(TASK INPUTS)

* * * *

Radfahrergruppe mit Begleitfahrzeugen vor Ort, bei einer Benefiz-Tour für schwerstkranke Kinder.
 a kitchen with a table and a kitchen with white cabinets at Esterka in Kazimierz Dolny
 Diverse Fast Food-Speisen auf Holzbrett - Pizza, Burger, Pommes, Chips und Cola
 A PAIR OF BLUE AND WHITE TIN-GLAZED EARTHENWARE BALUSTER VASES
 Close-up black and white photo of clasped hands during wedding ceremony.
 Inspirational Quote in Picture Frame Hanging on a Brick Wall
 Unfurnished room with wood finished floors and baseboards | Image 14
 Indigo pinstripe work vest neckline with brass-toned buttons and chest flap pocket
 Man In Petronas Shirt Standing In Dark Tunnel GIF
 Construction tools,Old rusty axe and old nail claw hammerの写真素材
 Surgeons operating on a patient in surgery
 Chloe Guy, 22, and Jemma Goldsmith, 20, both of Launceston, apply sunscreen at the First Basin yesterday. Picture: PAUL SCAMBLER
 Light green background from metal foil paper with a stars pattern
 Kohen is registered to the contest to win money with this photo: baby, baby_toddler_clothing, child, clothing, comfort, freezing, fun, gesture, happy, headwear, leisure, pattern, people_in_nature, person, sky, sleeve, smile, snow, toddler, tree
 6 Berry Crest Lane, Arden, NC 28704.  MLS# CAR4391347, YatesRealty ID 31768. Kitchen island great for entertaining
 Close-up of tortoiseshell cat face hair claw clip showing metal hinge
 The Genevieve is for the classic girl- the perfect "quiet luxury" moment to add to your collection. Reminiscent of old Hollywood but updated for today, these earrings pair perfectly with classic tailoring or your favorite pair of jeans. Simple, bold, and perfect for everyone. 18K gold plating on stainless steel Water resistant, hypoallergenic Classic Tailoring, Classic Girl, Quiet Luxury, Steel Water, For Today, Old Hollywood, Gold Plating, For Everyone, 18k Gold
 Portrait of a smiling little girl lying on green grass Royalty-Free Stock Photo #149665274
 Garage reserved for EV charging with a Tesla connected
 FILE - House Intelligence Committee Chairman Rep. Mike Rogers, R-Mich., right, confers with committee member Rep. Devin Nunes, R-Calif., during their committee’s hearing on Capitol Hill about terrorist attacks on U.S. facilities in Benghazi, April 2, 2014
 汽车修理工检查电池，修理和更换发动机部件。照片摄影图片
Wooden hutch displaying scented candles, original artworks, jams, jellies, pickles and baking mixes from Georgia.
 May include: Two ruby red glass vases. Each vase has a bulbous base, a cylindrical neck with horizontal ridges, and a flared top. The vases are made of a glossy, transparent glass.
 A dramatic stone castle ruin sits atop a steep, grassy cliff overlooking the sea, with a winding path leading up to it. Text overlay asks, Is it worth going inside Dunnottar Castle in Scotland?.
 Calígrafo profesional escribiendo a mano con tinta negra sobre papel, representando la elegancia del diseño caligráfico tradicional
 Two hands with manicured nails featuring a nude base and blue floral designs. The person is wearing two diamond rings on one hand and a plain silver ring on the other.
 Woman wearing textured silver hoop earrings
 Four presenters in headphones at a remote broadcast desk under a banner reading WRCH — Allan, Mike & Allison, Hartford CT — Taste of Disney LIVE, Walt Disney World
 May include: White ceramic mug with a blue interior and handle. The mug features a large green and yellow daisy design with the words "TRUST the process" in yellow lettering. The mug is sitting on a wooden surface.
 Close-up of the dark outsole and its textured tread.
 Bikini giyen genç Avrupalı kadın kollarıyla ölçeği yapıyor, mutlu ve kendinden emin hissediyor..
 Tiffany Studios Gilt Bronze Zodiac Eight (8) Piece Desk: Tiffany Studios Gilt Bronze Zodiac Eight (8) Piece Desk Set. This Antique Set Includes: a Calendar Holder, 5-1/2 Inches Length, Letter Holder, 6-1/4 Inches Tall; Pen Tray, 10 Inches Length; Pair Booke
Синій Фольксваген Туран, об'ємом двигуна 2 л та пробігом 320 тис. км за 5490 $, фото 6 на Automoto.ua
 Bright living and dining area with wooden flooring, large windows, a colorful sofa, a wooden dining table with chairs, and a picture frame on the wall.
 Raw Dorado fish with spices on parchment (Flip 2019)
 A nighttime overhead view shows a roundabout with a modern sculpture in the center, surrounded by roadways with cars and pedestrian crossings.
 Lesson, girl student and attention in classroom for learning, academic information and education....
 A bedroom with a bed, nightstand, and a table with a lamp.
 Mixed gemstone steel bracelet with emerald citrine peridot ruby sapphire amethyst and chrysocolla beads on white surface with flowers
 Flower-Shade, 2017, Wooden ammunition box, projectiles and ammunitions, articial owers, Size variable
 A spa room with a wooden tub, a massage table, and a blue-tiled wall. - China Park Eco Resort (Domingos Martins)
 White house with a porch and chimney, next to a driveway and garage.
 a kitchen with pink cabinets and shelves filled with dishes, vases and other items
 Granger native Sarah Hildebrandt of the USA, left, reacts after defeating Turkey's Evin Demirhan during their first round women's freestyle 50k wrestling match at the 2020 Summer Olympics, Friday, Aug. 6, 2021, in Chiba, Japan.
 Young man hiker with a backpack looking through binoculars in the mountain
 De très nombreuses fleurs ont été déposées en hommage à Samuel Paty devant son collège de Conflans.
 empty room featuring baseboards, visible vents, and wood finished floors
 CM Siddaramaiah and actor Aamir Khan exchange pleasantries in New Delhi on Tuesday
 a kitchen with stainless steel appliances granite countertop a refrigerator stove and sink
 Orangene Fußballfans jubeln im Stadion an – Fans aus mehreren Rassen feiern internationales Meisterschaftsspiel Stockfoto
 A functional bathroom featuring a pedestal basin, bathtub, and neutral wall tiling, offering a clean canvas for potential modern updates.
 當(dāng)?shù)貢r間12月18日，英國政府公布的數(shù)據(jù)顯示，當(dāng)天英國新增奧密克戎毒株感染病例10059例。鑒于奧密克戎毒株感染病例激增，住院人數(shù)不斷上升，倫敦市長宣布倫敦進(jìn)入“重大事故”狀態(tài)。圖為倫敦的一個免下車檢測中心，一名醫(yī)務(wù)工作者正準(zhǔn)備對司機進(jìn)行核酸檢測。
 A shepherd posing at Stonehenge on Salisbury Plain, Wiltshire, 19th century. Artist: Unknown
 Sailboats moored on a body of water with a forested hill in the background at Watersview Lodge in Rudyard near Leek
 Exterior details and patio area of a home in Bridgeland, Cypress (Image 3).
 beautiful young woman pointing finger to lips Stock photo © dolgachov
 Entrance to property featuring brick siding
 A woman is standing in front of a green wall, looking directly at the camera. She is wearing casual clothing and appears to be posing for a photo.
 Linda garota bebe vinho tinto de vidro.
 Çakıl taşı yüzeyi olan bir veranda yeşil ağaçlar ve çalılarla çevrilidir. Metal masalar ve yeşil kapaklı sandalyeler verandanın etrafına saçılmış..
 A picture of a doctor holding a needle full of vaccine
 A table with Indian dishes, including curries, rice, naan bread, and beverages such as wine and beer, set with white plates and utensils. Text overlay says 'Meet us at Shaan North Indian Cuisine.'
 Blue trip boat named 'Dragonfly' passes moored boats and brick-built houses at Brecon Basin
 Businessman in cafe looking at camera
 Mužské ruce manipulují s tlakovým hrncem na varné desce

* * * *

(PROBLEM STATEMENT) Reproduce exactly, and only, the part of the listing above that begins at the line with "A bedroom with" and goes on through the line with "Mixed gemstone steel".

(EXERCISE RESPONSE)
 A bedroom with a bed, nightstand, and a table with a lamp.
 Mixed gemstone steel bracelet with emerald citrine peridot ruby sapphire amethyst and chrysocolla beads on white surface with flowers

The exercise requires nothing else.